JUDGE JACKSON: But I thought he was an absolutely superb trial judge. In
two cases that I tried before him, I think I lost them both and – no, I won one and lost one. But in
each instance I felt that he had done a splendid job of presiding over the trial and his decisions
were thoughtful and well reasoned and he had been invariably courteous and just a true
gentleman. And every bit, however, in charge of his courtroom. It was his courtroom and he ran
it. That’s another thing that I think is important for the trial judge to do. To assert his authority
and be prepared to make rulings when rulings need to be made and to use his authority. Personal
qualities that – Aubrey Robinson is another judge that I always thought of very highly. Excellent
trial judge. And I don’t mean to exclude some of my others colleagues here, some splendid
judges here. In Superior Court, Leonard Braman I thought was an excellent judge.

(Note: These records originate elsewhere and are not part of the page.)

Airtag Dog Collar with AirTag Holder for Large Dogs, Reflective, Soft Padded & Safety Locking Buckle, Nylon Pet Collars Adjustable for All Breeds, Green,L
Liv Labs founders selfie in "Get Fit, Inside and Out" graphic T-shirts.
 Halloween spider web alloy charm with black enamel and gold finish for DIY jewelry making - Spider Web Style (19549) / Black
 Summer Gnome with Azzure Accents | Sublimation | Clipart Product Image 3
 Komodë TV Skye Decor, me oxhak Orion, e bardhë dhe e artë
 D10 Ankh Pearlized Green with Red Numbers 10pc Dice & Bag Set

MR. LYNK: When you joined the bench how were you asked to – how
were your duties thrust upon you, or how did you assume your responsibilities? Was there any
sort of gradual immersion or were you just dumped in?
JUDGE JACKSON: A new judge here is presented with a stack of 150 files.
Those are his cases. It used to be the practice that sitting judges, in order to make up a caseload
for a new judge, would be allowed to select the cases that they would send to the new judge, the
result of which was, that the new judge for a year would be working on a bunch of dogs. That
system has changed, they’re now drawn at random from the dockets of individual judges. And I
think I was probably in under the new system, so that I did not get a whole lot of very unpleasant
cases. But there was a full caseload waiting for me when I got here. And I knew of no other way
to get started on it but to get started. And take them out one at a time, those cases for which there
was no trial date assigned, of course, and in no instance were you given a case with an imminent
trial date. I would hold status conferences. I would get the opinions of the lawyers. Life was a
lot easier for me than it might be for some other people because I had been doing this for my
entire career, for 18 years.
MR. LYNK: How did your colleagues at the bench, excuse me, your colleagues
at the bar, adjust to the fact that you were now on the bench? The day before your swearing in
you were “Tom,” the day after you are sworn in you’re “Judge Jackson.”
JUDGE JACKSON: I don’t think they had any trouble with it. Nor would I
have had trouble in the reverse situation. It’s the institution and the office and not the individual
to whom the deference is owed.
MR. LYNK: How did you select your first group of law clerks?
JUDGE JACKSON: The minute my appointment was announced the
applications started coming in. It’s amazing. I probably within a period of two weeks had
collected 50 or 75 resumes and I decided on the basis of resumes to interview a few of them and
immediately found two very good law clerks. And, of course, today we get 500 applications
every year from the finest young graduating lawyers in the country. It’s very gratifying. I never
had any trouble getting law clerks.
MR. LYNK: Now, what have you seen as the most significant changes in the
organization and operation of this court during your term?
JUDGE JACKSON: Of this court?
MR. LYNK: Of this court. Or if you like, in general of the federal judiciary?
JUDGE JACKSON: Well, that’s probably where I have perceived a greater
change, which is, in turn, reflected to a certain extent in this court. Because our – the business
that we do reflects what Congress is passing in the way of legislation and what is going on
elsewhere in the judiciary. The jurisdiction exercised by this court now is vastly different than it
was when I first got here. And that’s over a period of 13 years. I was primarily a civil litigator
and most of my civil litigation, my civil cases were tried in this court. It’s been over two years
since I’ve tried a civil case. We have been increasingly imposed upon. Well, imposed upon is
not the word, but we have experienced an increasing incidence of our preoccupation with
criminal litigation, whether it’s by reason of the nature of the cases and the number of cases that
are being brought, which is not really necessarily a good indicator of the extent to which we are
preoccupied with criminal cases, or by the length of the cases. I have – for over a year I have
been involved in the trial of just three cases. And these are simply protracted criminal cases.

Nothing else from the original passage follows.